■ EXERCISE INSTRUCTIONS ■
Could you copy out all of the records below exactly, leaving out every picture?

■ THE DATA ■
┌──

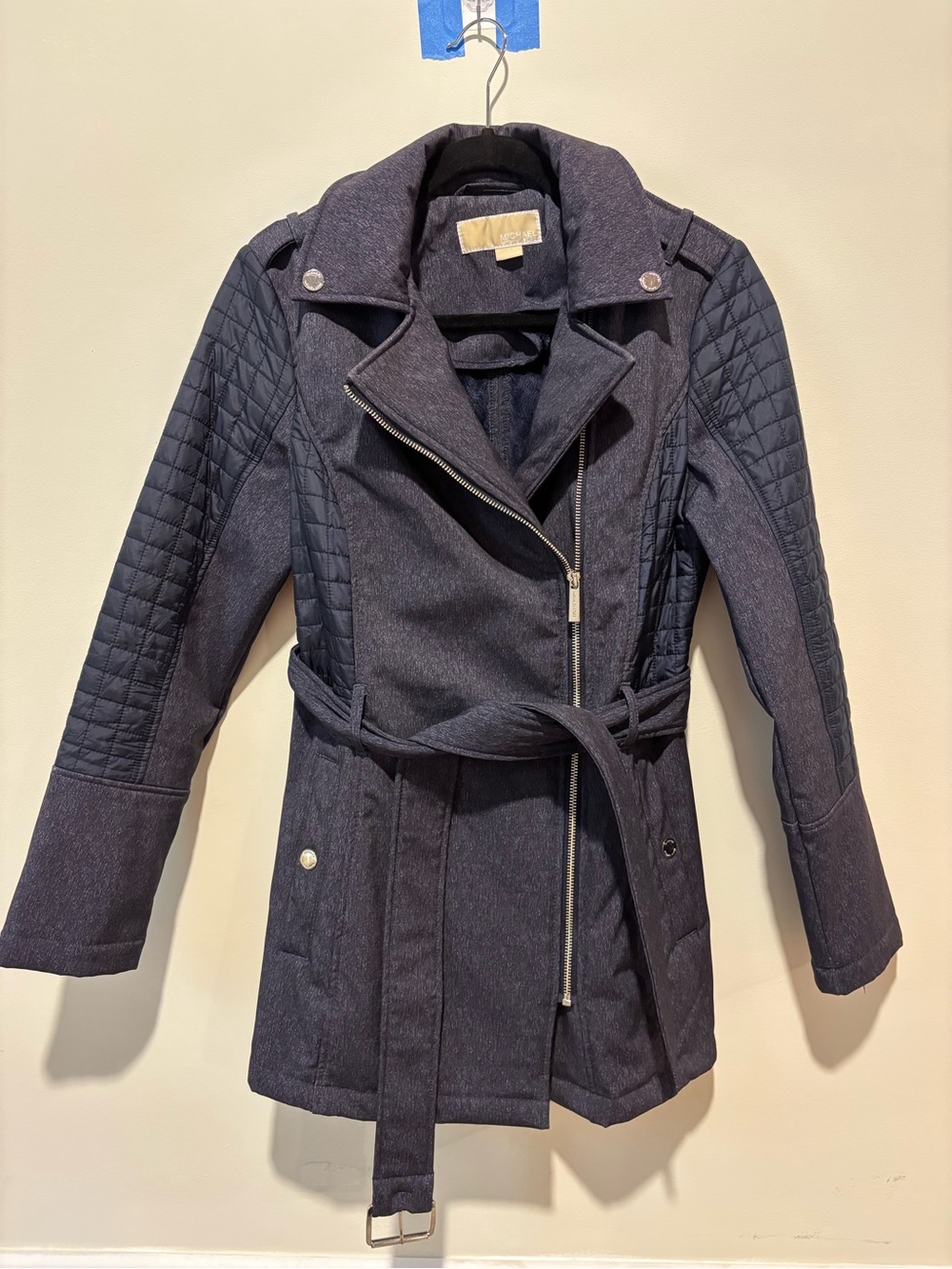 MICHAEL Michael Kors Quilted-Sleeve Belted Trench Coat - Navy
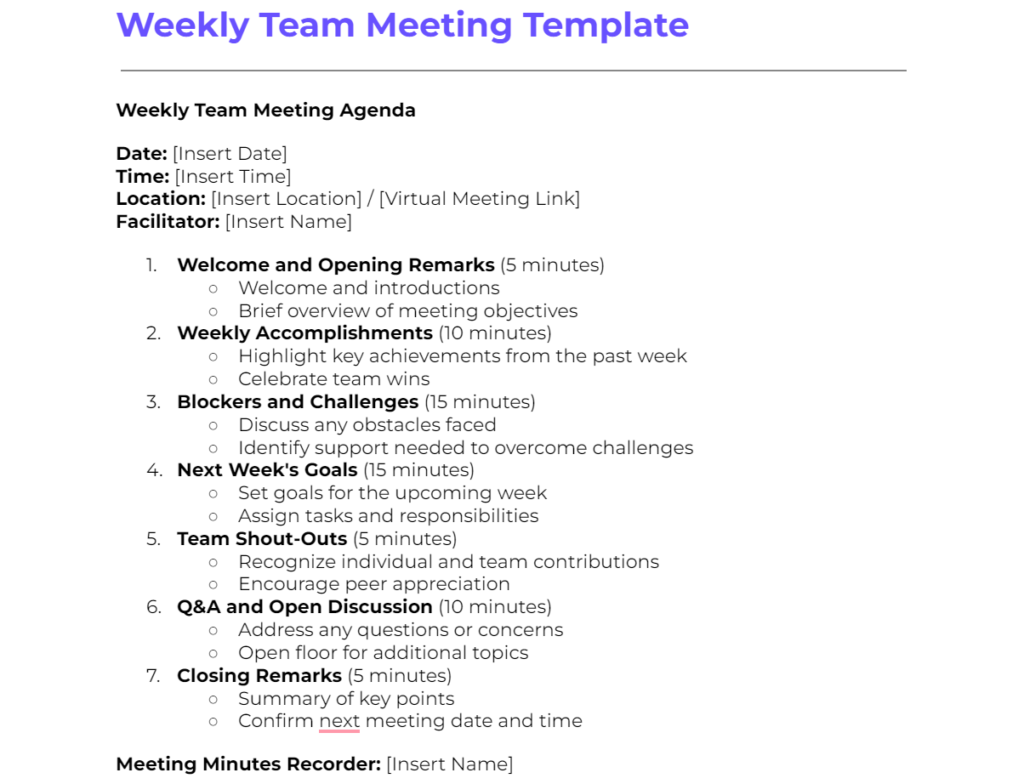 meeting agenda examples for productive discussions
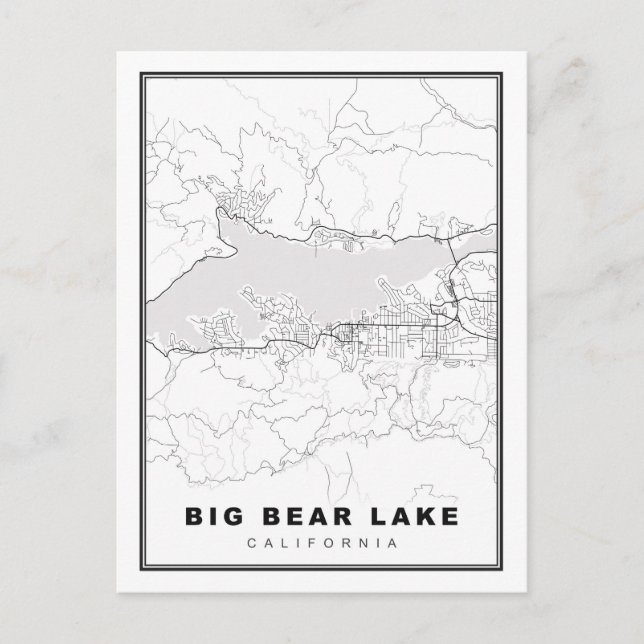 Big Bear Lake Map Feiertagspostkarte (Vorderseite)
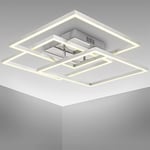 B.K.Licht I Plafonnier LED moderne 40 Watt I lampe de salon | 3000 K blanc chaud I LED-Frame finition chrome-aluminium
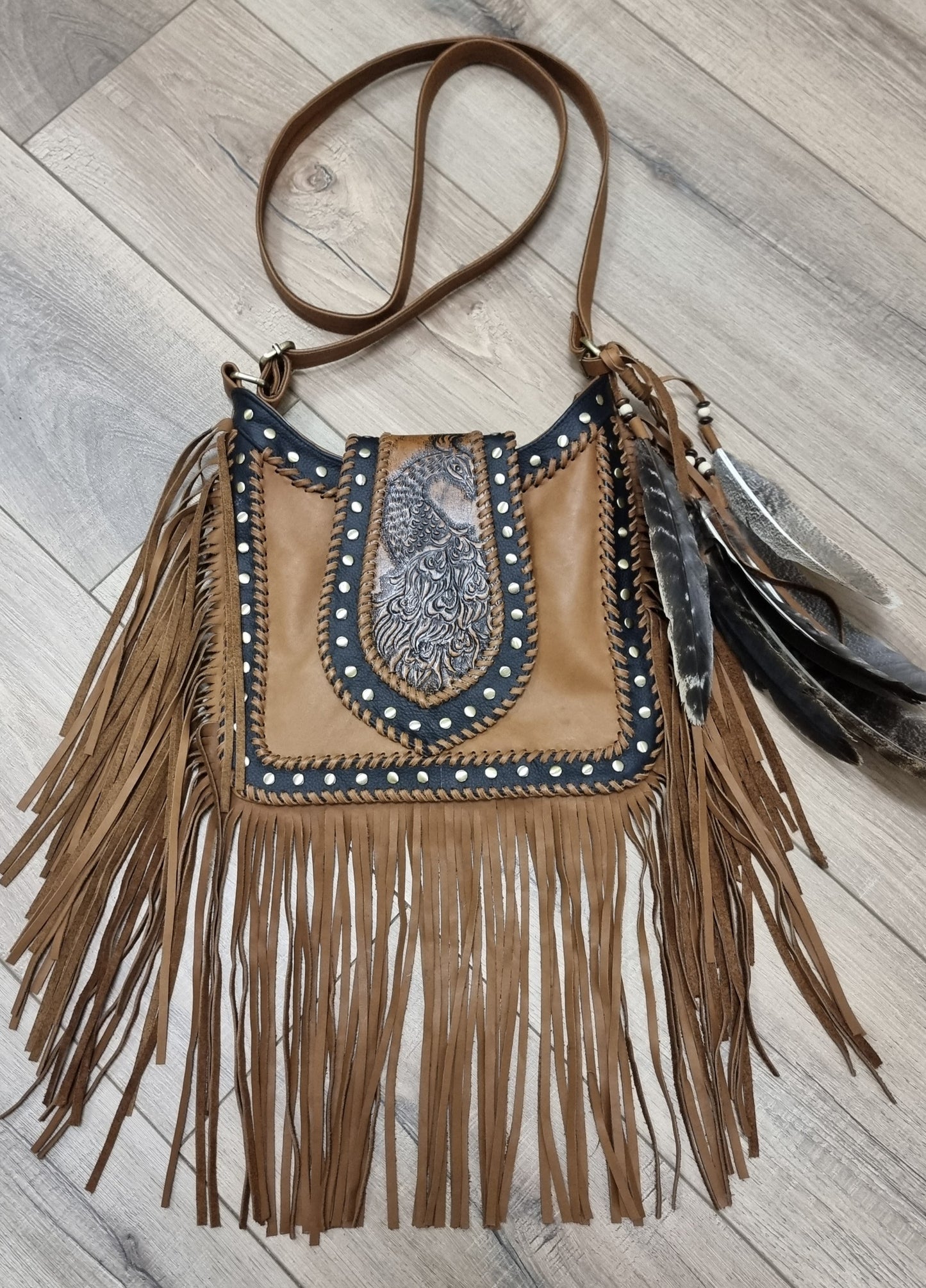 Leather Bag - Peacock Princess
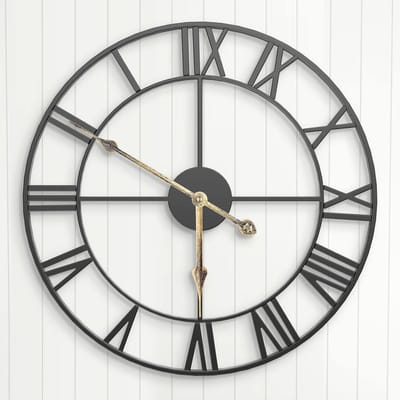 Grote Zwarte Wandklok 40cm - Stille Batterij Aangedreven Metalen Skelet Klok voor Thuis, Keuken en Kantoor Decoratie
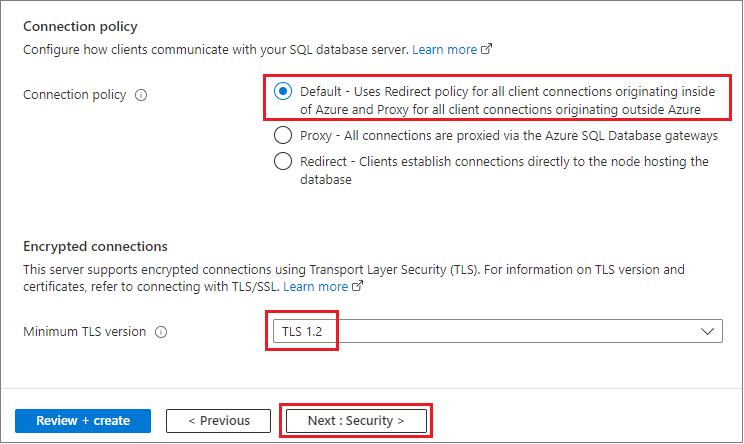 Captura de tela que mostra a guia Rede para política e criptografia.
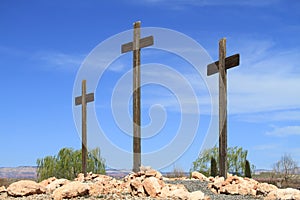 Cottonwood, Arizona: Three Wooden Crosses photo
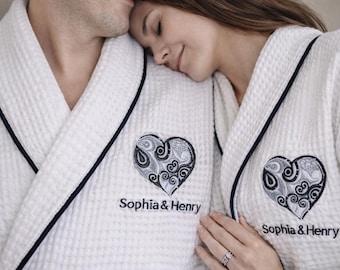 Waffle Robe Set for Couples, Lightweight Summer Bathrobe, His and Hers Spa Robes, Anniversary Gift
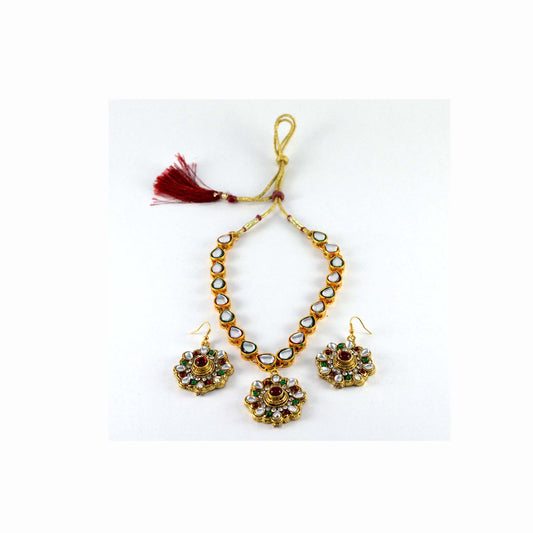 Multi Stone Stud-Gold Platted Brass Pendant Set Pack Of-3 (sku-nec545)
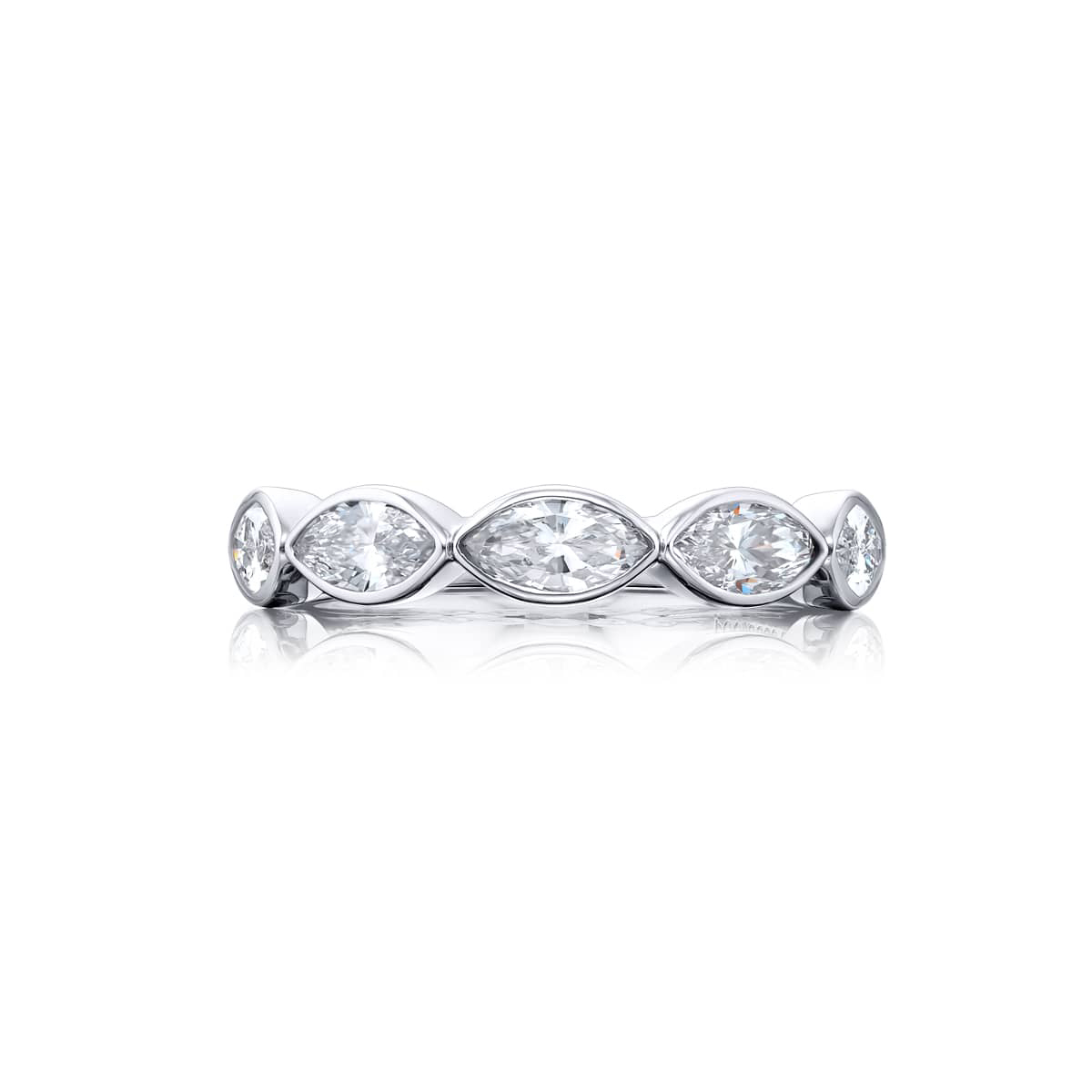 Platinum Marquise Diamond Single-Row Bezel Set East-West Band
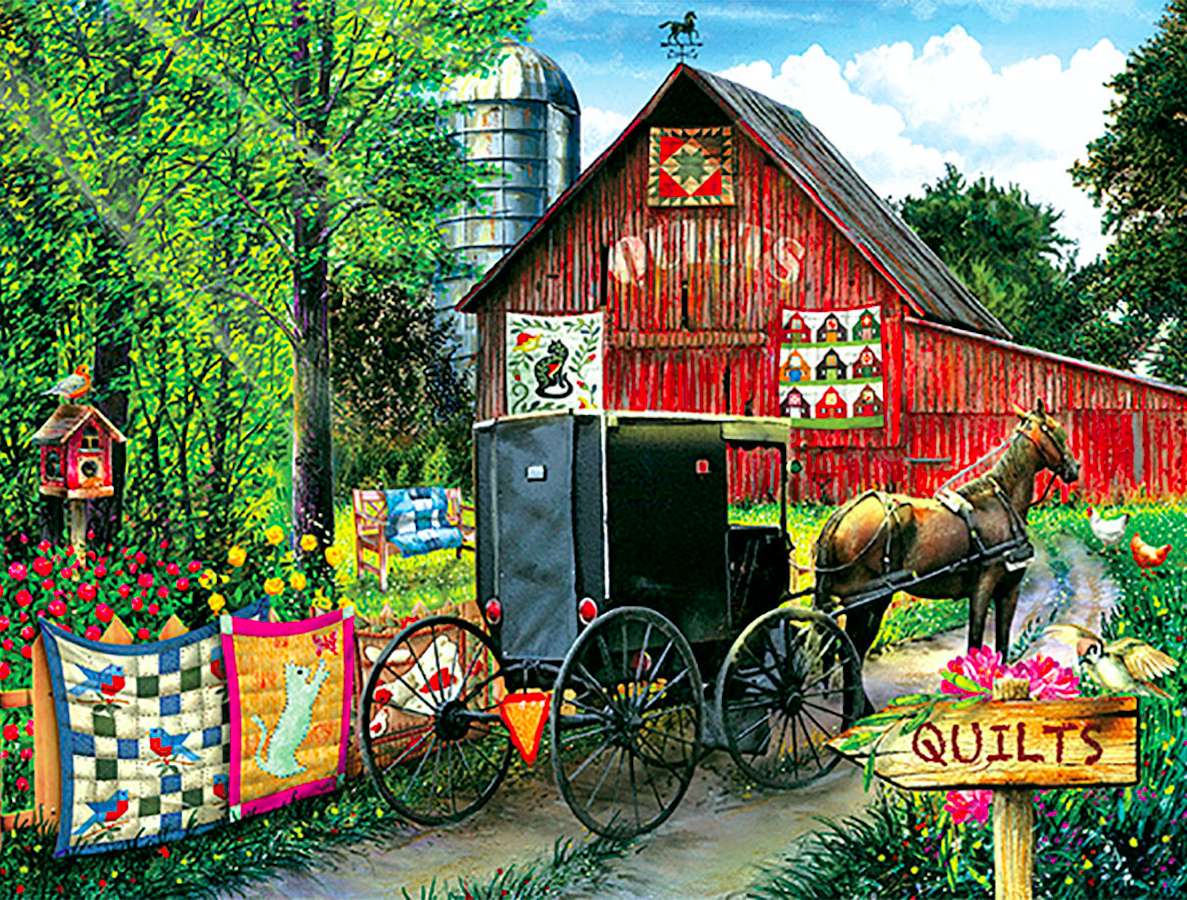Geschäft mit Amish-Patchwork-Quilts Puzzlespiel online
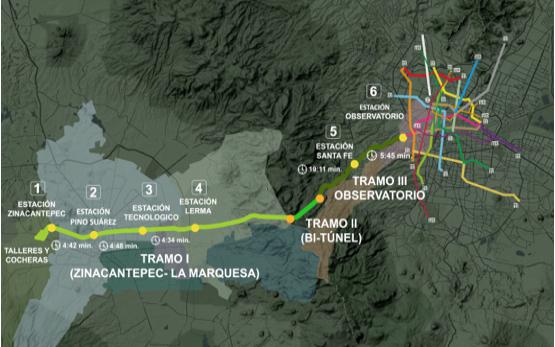 Por obras del Tren Interurbano cerrarán dos carriles en la México-Toluca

└──

■ REPLY TO THE TASK ■
 MICHAEL Michael Kors Quilted-Sleeve Belted Trench Coat - Navy
 meeting agenda examples for productive discussions
 Big Bear Lake Map Feiertagspostkarte (Vorderseite)
 B.K.Licht I Plafonnier LED moderne 40 Watt I lampe de salon | 3000 K blanc chaud I LED-Frame finition chrome-aluminium
 Leather Bag - Peacock Princess
 Grote Zwarte Wandklok 40cm - Stille Batterij Aangedreven Metalen Skelet Klok voor Thuis, Keuken en Kantoor Decoratie
 Captura de tela que mostra a guia Rede para política e criptografia.
 Cottonwood, Arizona: Three Wooden Crosses photo
 Waffle Robe Set for Couples, Lightweight Summer Bathrobe, His and Hers Spa Robes, Anniversary Gift
 Multi Stone Stud-Gold Platted Brass Pendant Set Pack Of-3 (sku-nec545)
 Platinum Marquise Diamond Single-Row Bezel Set East-West Band
Geschäft mit Amish-Patchwork-Quilts Puzzlespiel online
 Por obras del Tren Interurbano cerrarán dos carriles en la México-Toluca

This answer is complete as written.